--- PROBLEM STATEMENT ---
Make an exact copy of the listing, without images.
*** INFORMATION PROVIDED Section Begins ***
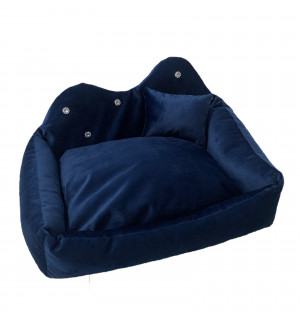 GO GIFT Prince navy blue L - pelíšek pro zvířata - 52 x 42 x 10 cm/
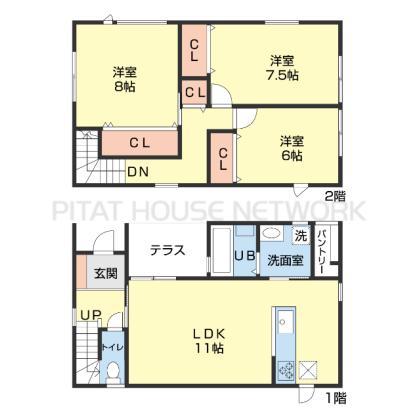  間取り図写真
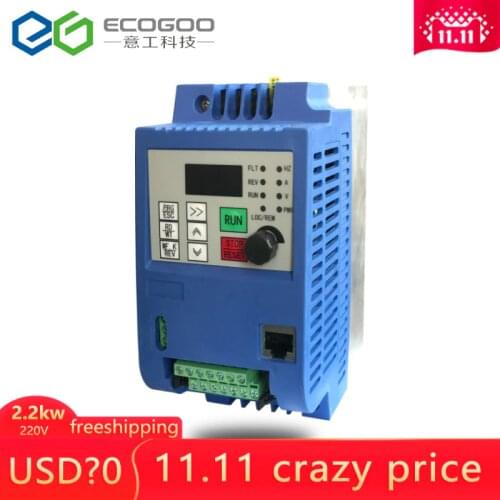 Vector Inverter VFD 1.5kw/2.2kw/4kw Frequency Converter High Performance Vector Control Mini Inverter 2200W Free Shipping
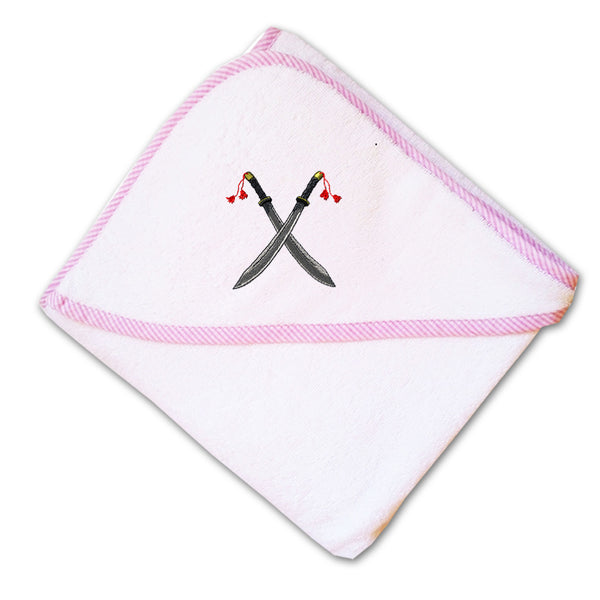Baby Hooded Towel Chinese Broadsword Embroidery Kids Bath Robe Cotton - Cute Rascals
*** INFORMATION PROVIDED Section Ends ***
--- EXERCISE OUTPUT ---
 GO GIFT Prince navy blue L - pelíšek pro zvířata - 52 x 42 x 10 cm/
  間取り図写真
 Vector Inverter VFD 1.5kw/2.2kw/4kw Frequency Converter High Performance Vector Control Mini Inverter 2200W Free Shipping
Baby Hooded Towel Chinese Broadsword Embroidery Kids Bath Robe Cotton - Cute Rascals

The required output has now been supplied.